Major financial officials in Asia are nervously watching recent trade tension between China and the United States brought on by President Donald Trumps proposal to levy stiff tariffs on Chinese exports.
If the Chinese economy ends up being negatively affected by a trade war with the U.S., China’s trading partners in developing Asian countries may also suffer. That’s why global economic analysts will be closely watching a meeting between U.S. and China negotiators in Beijing this week.
The major players in the meeting will be U.S. Treasury Secretary Steven Mnuchin and Chinese Vice Premier Liu He. They will discuss an array of trade issues including what to do about tariffs. President Trump has made a significant issue about the U.S. trade imbalance with China.

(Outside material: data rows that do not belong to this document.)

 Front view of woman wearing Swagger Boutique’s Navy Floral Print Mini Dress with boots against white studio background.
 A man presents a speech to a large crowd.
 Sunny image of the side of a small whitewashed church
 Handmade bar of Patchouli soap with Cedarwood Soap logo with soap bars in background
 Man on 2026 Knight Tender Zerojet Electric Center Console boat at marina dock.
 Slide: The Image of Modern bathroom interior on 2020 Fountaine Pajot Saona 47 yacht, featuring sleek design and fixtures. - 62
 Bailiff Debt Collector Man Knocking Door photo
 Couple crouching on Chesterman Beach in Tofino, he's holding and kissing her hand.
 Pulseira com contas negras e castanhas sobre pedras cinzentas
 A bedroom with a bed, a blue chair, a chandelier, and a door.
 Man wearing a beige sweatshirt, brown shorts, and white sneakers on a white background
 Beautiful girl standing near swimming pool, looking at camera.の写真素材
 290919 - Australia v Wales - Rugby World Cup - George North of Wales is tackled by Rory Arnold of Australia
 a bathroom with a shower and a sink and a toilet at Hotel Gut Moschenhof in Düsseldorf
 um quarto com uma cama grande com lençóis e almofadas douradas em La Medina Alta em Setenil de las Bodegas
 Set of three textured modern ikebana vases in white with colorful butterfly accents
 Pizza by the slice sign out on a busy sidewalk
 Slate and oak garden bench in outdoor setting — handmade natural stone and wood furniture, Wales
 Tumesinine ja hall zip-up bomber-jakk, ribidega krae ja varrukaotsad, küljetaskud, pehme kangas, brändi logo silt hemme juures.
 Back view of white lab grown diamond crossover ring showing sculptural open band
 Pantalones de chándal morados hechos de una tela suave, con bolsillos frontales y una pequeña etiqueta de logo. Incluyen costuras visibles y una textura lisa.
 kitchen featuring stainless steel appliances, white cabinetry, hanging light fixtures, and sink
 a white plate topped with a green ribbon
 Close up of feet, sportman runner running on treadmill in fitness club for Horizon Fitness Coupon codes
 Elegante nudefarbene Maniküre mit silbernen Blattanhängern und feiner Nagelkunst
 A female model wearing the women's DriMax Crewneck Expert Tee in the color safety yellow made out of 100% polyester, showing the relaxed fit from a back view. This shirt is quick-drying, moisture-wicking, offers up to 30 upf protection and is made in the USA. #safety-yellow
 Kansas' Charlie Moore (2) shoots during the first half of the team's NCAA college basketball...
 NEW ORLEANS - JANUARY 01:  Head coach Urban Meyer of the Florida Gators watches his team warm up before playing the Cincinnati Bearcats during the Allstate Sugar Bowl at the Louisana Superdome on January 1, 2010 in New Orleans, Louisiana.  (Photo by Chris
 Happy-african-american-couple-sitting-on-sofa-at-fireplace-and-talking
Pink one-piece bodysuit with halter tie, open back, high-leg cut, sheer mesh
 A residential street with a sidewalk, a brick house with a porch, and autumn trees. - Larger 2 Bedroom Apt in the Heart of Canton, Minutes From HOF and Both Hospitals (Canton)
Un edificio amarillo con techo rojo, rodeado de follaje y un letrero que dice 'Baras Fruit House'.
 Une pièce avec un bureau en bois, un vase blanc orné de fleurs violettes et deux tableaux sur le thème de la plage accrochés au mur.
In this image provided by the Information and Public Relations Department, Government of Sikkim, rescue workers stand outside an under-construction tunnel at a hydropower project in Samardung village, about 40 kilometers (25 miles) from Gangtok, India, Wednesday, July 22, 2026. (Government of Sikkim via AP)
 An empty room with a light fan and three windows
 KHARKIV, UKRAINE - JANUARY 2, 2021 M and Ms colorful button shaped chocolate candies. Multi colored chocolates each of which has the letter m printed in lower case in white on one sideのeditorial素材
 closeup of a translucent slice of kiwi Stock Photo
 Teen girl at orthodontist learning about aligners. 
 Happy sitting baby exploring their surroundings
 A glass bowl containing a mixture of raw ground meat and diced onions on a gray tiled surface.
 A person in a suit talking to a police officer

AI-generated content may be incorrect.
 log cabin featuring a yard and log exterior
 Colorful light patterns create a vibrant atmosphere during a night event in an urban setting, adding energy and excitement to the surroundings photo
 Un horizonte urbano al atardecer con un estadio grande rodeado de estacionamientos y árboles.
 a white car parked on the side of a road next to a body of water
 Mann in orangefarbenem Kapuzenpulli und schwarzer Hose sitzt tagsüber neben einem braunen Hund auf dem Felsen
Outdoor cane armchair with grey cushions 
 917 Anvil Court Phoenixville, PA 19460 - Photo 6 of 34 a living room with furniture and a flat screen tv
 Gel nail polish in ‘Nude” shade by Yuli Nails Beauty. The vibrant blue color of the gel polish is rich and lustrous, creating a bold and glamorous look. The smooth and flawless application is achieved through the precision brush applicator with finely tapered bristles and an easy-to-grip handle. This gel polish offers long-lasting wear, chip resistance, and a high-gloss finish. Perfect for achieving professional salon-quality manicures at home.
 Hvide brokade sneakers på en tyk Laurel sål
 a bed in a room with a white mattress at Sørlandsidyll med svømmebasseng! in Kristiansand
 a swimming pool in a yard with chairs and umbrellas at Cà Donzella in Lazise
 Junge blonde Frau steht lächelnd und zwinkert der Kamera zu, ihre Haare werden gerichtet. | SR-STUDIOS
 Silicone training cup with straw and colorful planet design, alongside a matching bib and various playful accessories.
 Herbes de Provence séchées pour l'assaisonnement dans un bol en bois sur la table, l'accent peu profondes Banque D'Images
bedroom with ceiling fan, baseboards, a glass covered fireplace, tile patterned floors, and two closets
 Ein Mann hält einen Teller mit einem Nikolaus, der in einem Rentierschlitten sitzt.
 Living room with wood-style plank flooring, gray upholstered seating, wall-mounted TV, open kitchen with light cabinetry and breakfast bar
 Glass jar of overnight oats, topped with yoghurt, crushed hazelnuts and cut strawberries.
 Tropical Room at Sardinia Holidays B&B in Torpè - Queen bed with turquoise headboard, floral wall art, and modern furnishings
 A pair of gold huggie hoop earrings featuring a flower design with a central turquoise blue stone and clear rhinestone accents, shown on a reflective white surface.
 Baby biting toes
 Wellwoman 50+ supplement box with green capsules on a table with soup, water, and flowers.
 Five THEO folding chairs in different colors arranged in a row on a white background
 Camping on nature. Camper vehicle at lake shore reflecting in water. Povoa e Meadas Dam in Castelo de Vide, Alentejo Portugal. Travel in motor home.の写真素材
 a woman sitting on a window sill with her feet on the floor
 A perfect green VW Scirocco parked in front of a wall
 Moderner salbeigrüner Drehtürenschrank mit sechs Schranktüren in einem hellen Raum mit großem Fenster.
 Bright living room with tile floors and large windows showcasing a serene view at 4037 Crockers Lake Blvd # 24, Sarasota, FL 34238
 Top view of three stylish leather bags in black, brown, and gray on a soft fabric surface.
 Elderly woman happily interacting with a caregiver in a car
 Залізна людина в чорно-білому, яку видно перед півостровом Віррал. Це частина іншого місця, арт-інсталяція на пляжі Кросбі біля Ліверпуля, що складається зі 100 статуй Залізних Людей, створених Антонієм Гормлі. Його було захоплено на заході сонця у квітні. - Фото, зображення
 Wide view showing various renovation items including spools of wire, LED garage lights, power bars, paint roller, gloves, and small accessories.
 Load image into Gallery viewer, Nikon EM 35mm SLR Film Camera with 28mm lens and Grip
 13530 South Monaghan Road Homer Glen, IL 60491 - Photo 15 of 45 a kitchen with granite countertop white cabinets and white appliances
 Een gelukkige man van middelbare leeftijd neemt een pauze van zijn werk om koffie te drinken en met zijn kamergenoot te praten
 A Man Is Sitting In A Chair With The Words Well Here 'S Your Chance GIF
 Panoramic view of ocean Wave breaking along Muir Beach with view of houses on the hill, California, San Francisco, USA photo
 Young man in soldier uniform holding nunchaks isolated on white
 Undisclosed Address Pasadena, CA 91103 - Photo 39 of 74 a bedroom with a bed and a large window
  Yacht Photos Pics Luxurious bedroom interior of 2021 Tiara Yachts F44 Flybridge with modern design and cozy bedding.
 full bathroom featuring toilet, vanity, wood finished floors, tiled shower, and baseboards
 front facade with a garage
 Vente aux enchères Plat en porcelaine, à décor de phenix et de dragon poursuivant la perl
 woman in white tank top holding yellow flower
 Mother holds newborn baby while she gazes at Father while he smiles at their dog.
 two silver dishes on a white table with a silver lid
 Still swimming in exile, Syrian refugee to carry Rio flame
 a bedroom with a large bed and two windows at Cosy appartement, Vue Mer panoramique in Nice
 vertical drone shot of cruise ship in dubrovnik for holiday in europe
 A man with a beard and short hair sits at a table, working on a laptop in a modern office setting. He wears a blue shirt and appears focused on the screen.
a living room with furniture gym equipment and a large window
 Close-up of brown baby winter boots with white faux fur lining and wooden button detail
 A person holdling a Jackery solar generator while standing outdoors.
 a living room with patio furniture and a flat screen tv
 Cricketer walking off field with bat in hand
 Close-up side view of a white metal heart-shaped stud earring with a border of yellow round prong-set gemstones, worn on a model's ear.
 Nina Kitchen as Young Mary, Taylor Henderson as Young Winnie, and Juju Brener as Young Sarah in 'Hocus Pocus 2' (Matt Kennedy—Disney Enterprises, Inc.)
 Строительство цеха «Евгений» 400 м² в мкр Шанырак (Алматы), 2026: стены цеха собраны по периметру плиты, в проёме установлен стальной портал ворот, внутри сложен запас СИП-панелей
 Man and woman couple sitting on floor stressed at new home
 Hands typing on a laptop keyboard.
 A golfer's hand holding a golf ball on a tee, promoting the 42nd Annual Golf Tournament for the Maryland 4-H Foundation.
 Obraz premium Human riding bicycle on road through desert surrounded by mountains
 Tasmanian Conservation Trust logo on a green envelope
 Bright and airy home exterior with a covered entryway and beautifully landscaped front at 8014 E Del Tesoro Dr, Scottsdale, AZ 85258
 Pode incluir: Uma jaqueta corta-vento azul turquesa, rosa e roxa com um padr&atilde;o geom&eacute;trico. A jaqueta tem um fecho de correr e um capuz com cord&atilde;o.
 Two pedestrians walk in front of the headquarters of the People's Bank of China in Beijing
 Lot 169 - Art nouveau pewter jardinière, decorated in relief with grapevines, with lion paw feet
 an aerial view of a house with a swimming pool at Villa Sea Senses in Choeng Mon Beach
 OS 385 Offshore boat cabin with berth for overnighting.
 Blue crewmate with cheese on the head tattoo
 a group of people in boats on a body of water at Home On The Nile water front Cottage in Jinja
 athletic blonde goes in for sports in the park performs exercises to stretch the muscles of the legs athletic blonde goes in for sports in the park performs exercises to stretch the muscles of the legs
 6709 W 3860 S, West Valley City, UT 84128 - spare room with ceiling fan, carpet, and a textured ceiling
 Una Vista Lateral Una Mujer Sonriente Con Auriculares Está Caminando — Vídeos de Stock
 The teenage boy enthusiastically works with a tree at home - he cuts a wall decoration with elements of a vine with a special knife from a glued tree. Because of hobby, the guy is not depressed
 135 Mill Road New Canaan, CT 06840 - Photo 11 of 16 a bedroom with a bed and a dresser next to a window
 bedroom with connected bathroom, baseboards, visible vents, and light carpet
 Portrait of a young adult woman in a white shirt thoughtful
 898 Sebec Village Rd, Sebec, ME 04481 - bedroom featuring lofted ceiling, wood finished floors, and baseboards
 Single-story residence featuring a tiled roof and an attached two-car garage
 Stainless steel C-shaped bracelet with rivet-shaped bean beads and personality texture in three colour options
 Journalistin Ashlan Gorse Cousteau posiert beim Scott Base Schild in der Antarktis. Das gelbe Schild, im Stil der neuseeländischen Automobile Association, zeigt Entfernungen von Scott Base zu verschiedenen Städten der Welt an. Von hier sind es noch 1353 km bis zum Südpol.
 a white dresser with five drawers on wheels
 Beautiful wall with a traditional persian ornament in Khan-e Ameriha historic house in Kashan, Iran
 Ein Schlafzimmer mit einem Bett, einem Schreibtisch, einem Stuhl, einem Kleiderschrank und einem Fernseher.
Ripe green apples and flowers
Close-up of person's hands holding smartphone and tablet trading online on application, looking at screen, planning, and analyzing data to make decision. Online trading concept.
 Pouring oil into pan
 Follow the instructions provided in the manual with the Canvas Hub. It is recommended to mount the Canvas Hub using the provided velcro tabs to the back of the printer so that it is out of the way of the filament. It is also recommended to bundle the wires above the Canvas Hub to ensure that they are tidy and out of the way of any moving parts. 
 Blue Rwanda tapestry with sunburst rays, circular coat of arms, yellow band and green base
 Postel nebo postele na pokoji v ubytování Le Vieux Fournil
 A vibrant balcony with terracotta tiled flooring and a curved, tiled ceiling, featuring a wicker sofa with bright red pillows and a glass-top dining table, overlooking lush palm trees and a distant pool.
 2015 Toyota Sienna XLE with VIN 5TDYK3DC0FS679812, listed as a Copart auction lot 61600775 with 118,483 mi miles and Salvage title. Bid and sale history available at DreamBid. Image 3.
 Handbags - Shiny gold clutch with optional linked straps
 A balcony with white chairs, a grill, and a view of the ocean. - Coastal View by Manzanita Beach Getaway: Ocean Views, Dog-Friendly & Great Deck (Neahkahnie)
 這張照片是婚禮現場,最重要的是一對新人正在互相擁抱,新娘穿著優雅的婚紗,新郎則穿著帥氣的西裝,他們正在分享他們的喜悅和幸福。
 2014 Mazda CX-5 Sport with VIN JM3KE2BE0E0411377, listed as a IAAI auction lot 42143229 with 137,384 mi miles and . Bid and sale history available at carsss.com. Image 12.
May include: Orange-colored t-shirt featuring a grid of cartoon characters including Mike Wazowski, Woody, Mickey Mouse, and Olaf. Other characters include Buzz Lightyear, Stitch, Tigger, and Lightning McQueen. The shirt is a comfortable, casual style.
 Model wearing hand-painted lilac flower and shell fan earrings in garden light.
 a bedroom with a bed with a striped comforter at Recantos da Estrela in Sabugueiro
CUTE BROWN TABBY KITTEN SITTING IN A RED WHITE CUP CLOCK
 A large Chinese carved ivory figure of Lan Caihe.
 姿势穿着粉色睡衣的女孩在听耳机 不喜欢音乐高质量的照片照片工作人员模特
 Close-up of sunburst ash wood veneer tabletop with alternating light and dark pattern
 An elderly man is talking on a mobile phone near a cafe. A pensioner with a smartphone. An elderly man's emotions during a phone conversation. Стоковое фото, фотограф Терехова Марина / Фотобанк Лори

Another factor that has China and many Asian countries on edge is the possibility of interest rate hikes in the U.S. by the Federal Reserve. Indonesian Finance Minister Sri Mulyani Indrawati said that higher interest rates in America ripple across the world with a “domino effect.”
U.S. Commerce Secretary Wilbur Ross will also play a major role at the Beijing meeting. He has made a point to lower expectations for any kind of major deal. Chinese officials have already been drawing some definite lines in the sand. For example, one Chinese minister said that his country “will not negotiate away its core interests” and will not accept “preconditions on issues.”
If the new U.S. tariffs get a green light from the White House, they will take effect in June after a 60-day consultation period.